--- EXERCISE MATERIAL Enclosed Below ---
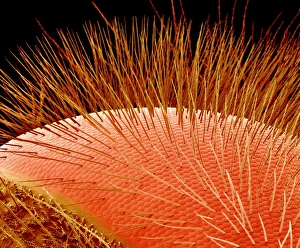 Coloured Scanning Electron Micrograph SEM Stampe: Compound eye of a bee, SEM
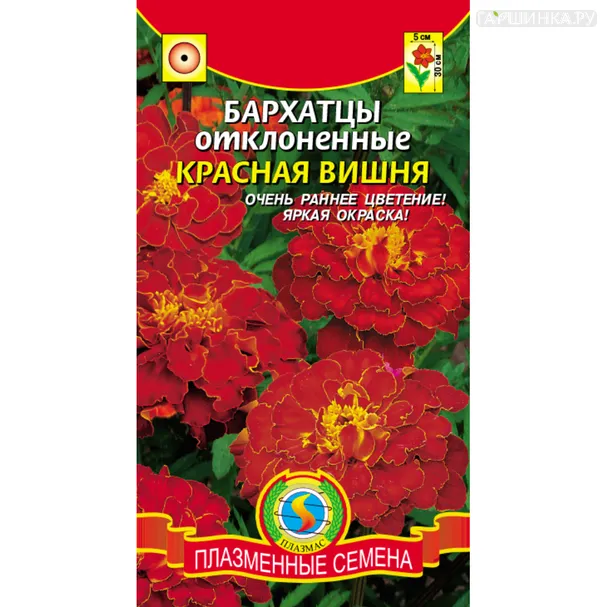 Бархатцы Красная вишня 45 шт, Плазменные семена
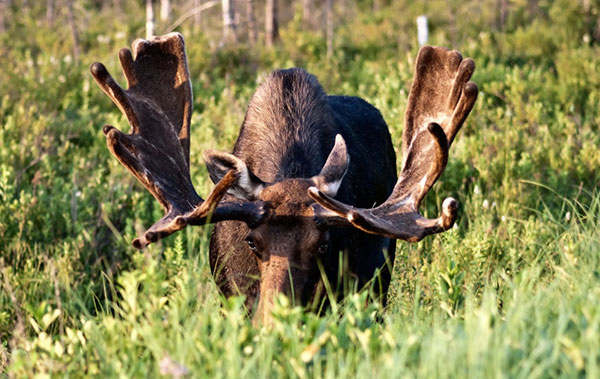 Vos forfaits pour la chasse à la Pourvoirie Mekoos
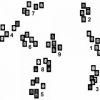 The Role of Featural and Configural Information in Face Classification A Simulation of the Expertise Hypothesis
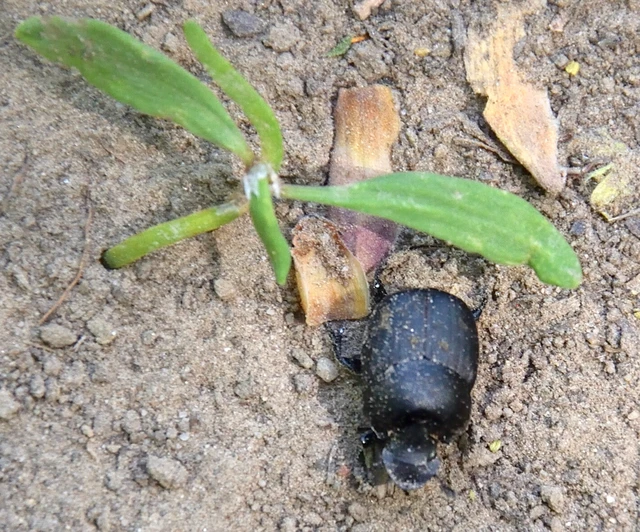 Onthophagus verticicornis - fekete trágyatúró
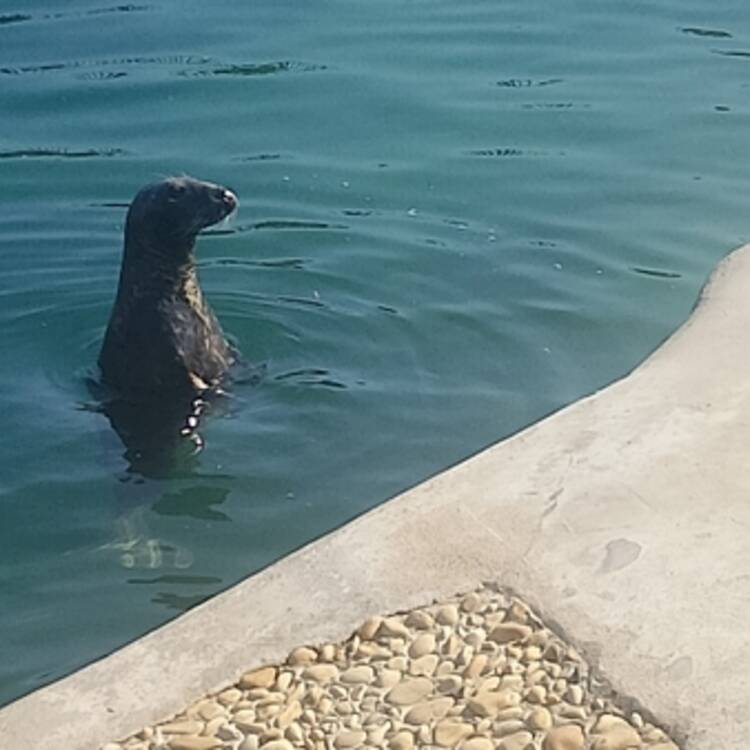 Foto de perfil de Antonio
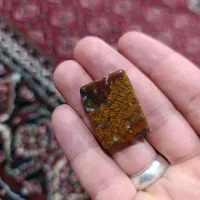 سنگ شجر پایزه معدنی معدنی معاوزه دارم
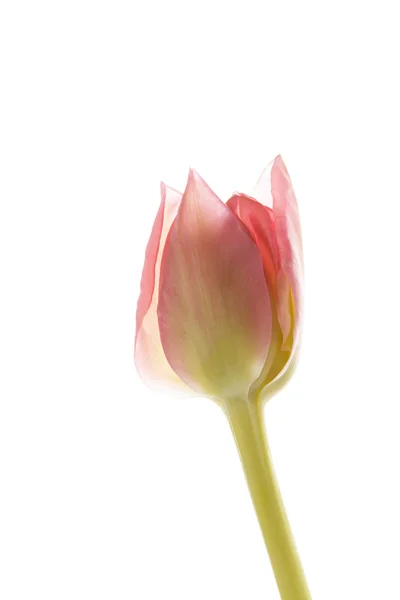 Roter Tulpenkopf — Stockfoto
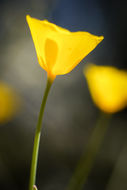 Image of tufted poppy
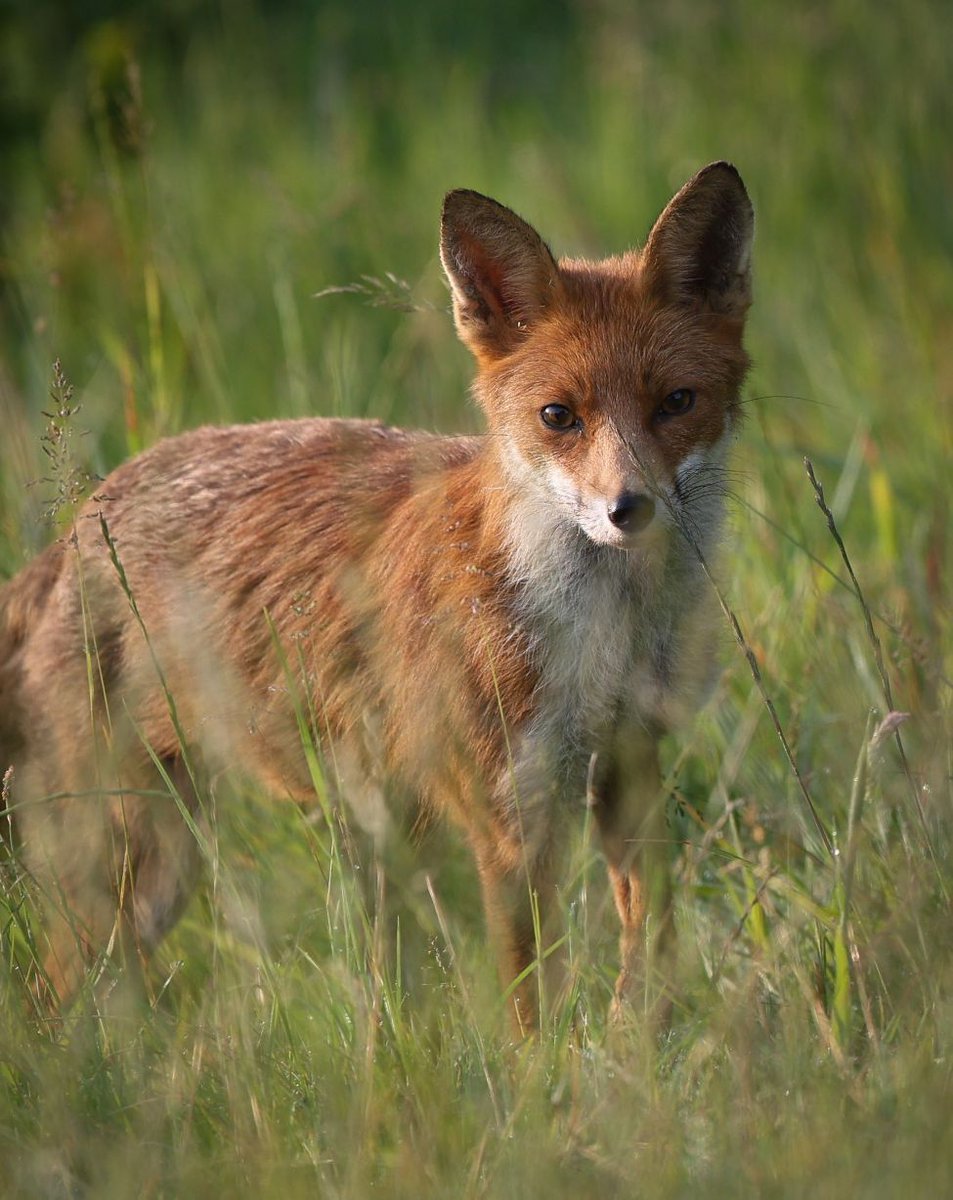 Good morning , and thank you to <a href="/paulgray74/">Paul Gray</a> for today's #FoxOfTheDay . Beautiful light !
--- End of Enclosed EXERCISE MATERIAL ---
EXERCISE BRIEF = Copy exactly and only this span: the line with "Onthophagus verticicornis - fekete" through the final line of the entries, both ends included, with the pictures left out.

RESULT =
 Onthophagus verticicornis - fekete trágyatúró
 Foto de perfil de Antonio
 سنگ شجر پایزه معدنی معدنی معاوزه دارم
 Roter Tulpenkopf — Stockfoto
 Image of tufted poppy
 Good morning , and thank you to <a href="/paulgray74/">Paul Gray</a> for today's #FoxOfTheDay . Beautiful light !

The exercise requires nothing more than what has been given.